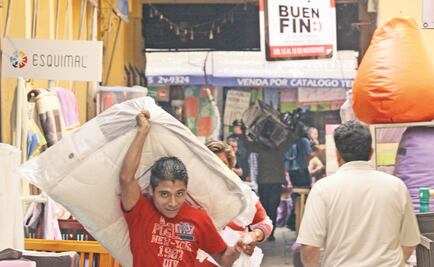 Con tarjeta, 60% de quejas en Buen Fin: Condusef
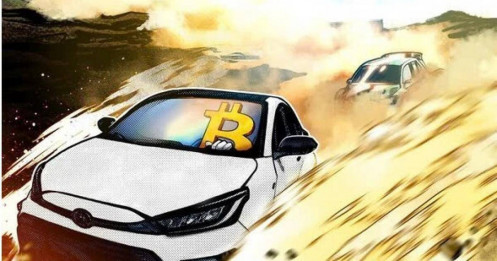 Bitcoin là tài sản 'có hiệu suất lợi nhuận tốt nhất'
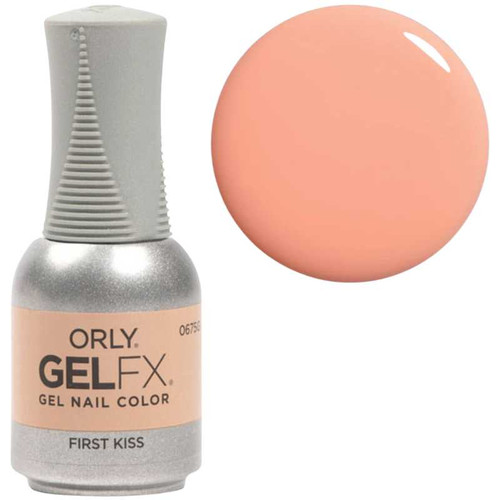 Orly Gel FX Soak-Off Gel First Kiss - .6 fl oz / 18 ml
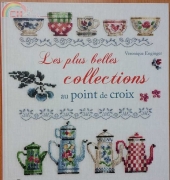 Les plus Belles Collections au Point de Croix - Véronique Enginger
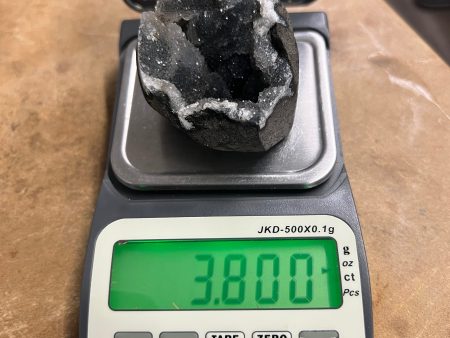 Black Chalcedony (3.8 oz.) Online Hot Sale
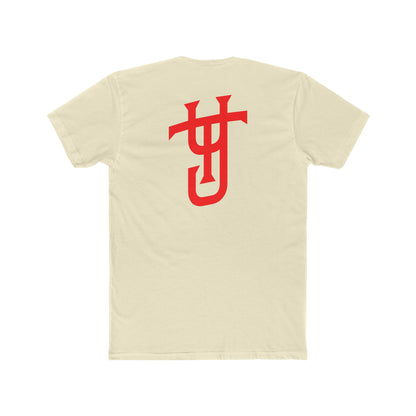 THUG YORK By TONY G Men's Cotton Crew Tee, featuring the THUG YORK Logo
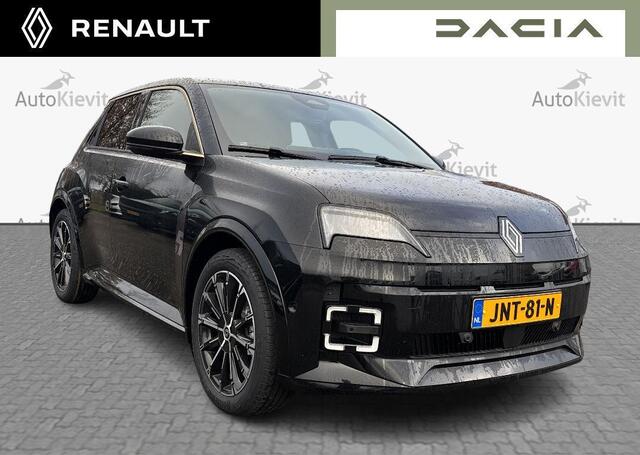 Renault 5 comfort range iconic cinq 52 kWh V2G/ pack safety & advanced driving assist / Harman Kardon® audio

[REQUIRED WORK]
Write out every line of the entries above exactly, and omit their pictures.

[RESPONSE TO THE EXERCISE]
 Con tarjeta, 60% de quejas en Buen Fin: Condusef
 Bitcoin là tài sản 'có hiệu suất lợi nhuận tốt nhất'
 Orly Gel FX Soak-Off Gel First Kiss - .6 fl oz / 18 ml
 Les plus Belles Collections au Point de Croix - Véronique Enginger
 Black Chalcedony (3.8 oz.) Online Hot Sale
 THUG YORK By TONY G Men's Cotton Crew Tee, featuring the THUG YORK Logo
 Renault 5 comfort range iconic cinq 52 kWh V2G/ pack safety & advanced driving assist / Harman Kardon® audio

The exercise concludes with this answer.